I therefore undertake to prove these two things First, That poverty is a real evil; which, without any impeachment of the goodness or wisdom of Providence, the constitution of the world actually admits.

Secondly, That the providential appointment of this evil, in subservience to the general good, brings a particular obligation upon men in civilised society to concur for the immediate extinction of the evil, wherever it appears. "The poor shall never cease out of the land." And for this especial reason, because the poor shall never cease, therefore it is commanded, "That thou open thine hand wide unto thy brother; that thou surely lend him sufficient for his need, in that which he wanteth."

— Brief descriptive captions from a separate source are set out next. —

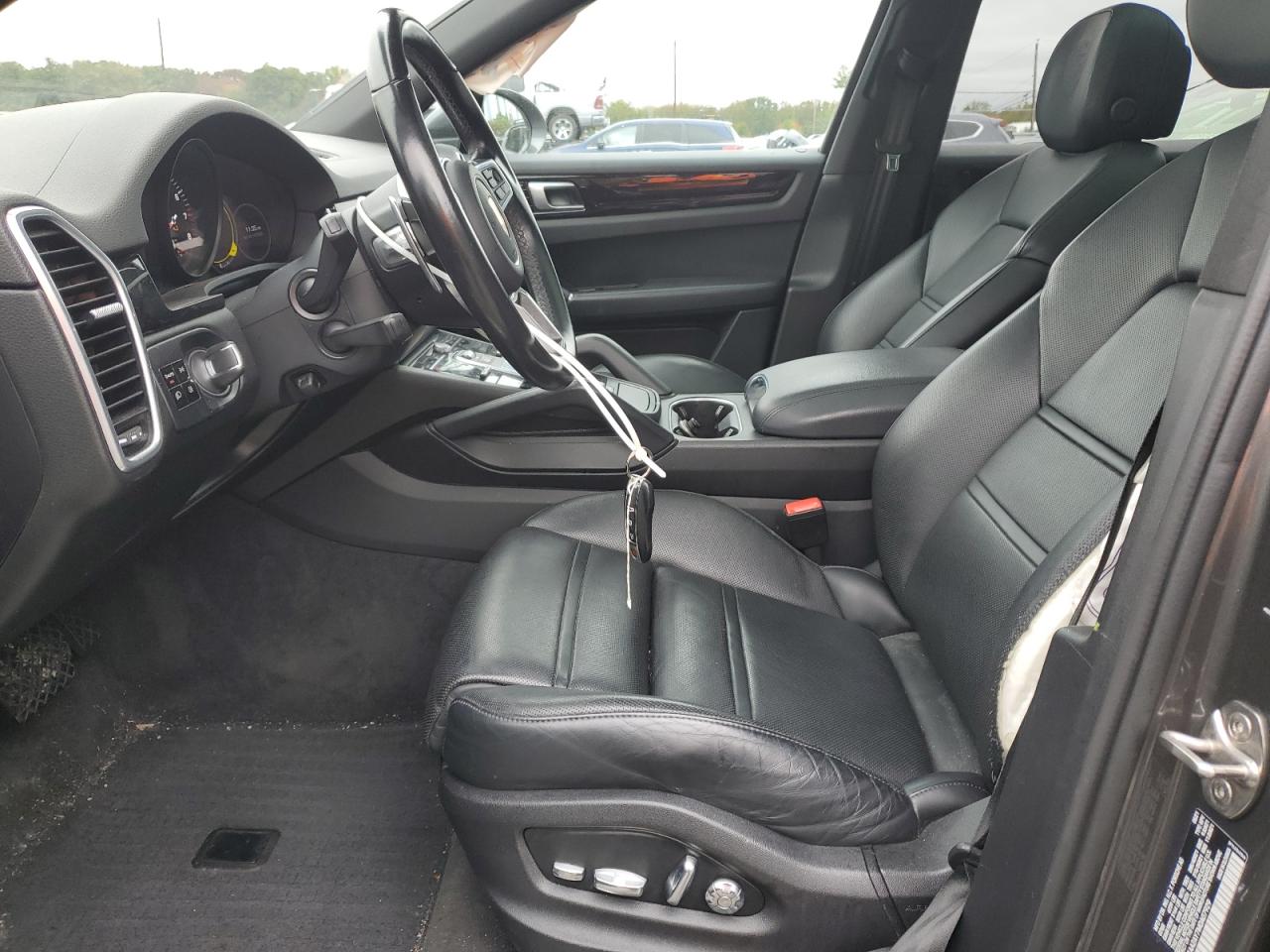 2021 Porsche Cayenne VIN: WP1AA2AY7MDA07929 Lot: 86522305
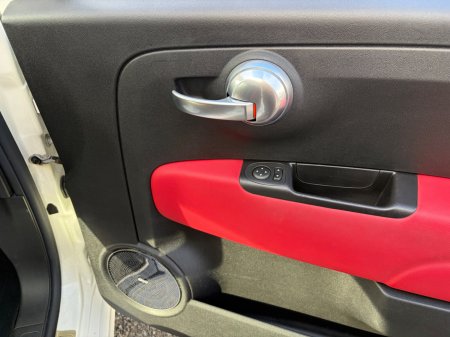 2015 Fiat 500 - photo 22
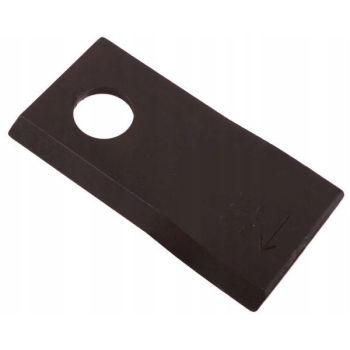 Nóż nożyk kosiarka R 98x48x4 19 SIP WARYŃSKI, WKR98X48X4P/1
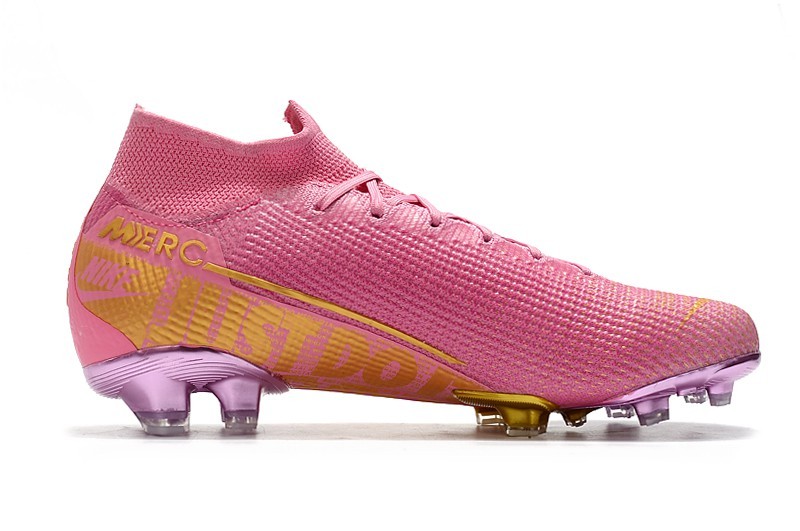 nike mercurial pink and purple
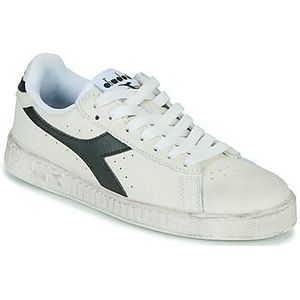 Diadora  GAME L LOW WAXED  Sneakers  heren Wit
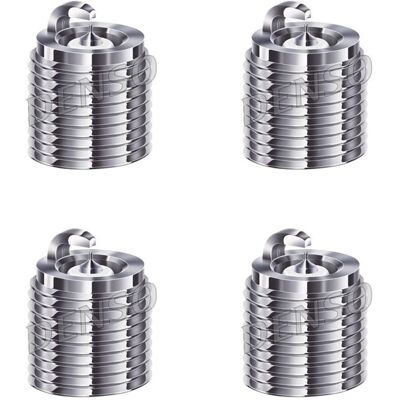 4x Denso Iridium Power Zündkerzen Iw22 Passend Für 4-zylinder Aston Martin V8: 4x Denso Iridium Power Zündkerzen Iw22 Passend Für 4-zylinder Aston Martin V8:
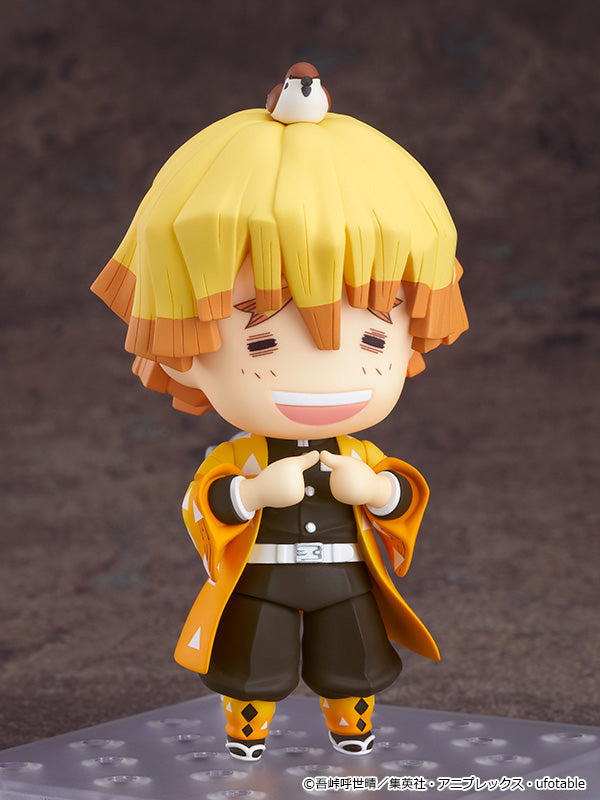 [Resale] Nendoroid "Demon Slayer: Kimetsu no Yaiba" Agatsuma Zenitsu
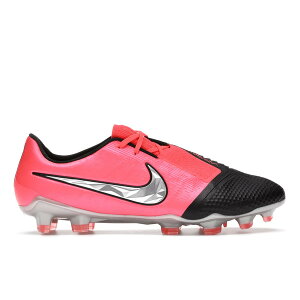 Nike iCL Y Xj[J[ yNike Phantom Venom Elite FG Laser Crimsonz TCY US_8(26.0cm) Laser Crimson/Black-Metallic Silver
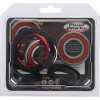 Pivot Works Honda Wheel Bearing Kit Premium Bearings - 25-1115-P Photo - Primary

The distribution of mankind into various orders is not more essential to the being of society, than it is conducive to the public good that the fortunes of every individual in every rank should be in a considerable degree uncertain: for were things so ordered that every man's fortune should be invariably determined by the rank in which he should be born, or by

event.

the employment to which he should be bred, an Epicurean indolence, the great bane of public prosperity, would inevitably take place among all ranks of men; when industry, of all qualities of the individual the most beneficial to the community, would lose the incitement of its golden dreams; and sloth, of all the vices of the individual the most pernicious to the community, would be released from its worst apprehensions. But to be uncertain in the degree which the public weal demands, the fortunes of the individual must be governed, as we see they are, by an intricate combination of causes, of which no sagacity of human forecast may predict or avert the The consequence must be, that the individual's means of subsistence will not always correspond with other circumstances, that they will sometimes fall greatly short of what belongs to the particular sphere which upon the whole he is best qualified to fill with advantage to the community of which he is a member. This is the evil to which the name of poverty properly belongs. The man who hath food to eat and raiment to put on is not poor, because his diet is plain and his apparel homely; but he is truly poor whose means of subsistence are insufficient for his proper place in society, as determined by the general complication of his circumstances, - by his birth, his education, his bodily strength, and his mental endowments. By the means of subsistence, I understand not the means of superfluous gratifications; but that present competency which every individual must possess in order to be in a capacity to derive a support from his industry in the proper business of his calling. In every condition of life, something more is wanting to a man's support than

that he should earn by his industry, from day to day, the price of lodging, food, and raiment, for himself and for his family. The common labourer must be furnished with his mattock and his spade; the tradesman must have wherewithal to purchase the commodities from the sale of which he is to derive his livelihood in commerce, a large capital must often be expended upon the expectation of a slow and distant return of profit: those who are destined to the liberal professions are to be qualified for the part which they are to sustain in life by a long and expensive course of education; and they who are born to hereditary honours, if they succeed, as too often is the case, to estates encumbered by the misfortunes or misconduct of their ancestors, are restrained, by the decorums of their rank, from seeking a reparation of their fortunes in any mercenary occupation.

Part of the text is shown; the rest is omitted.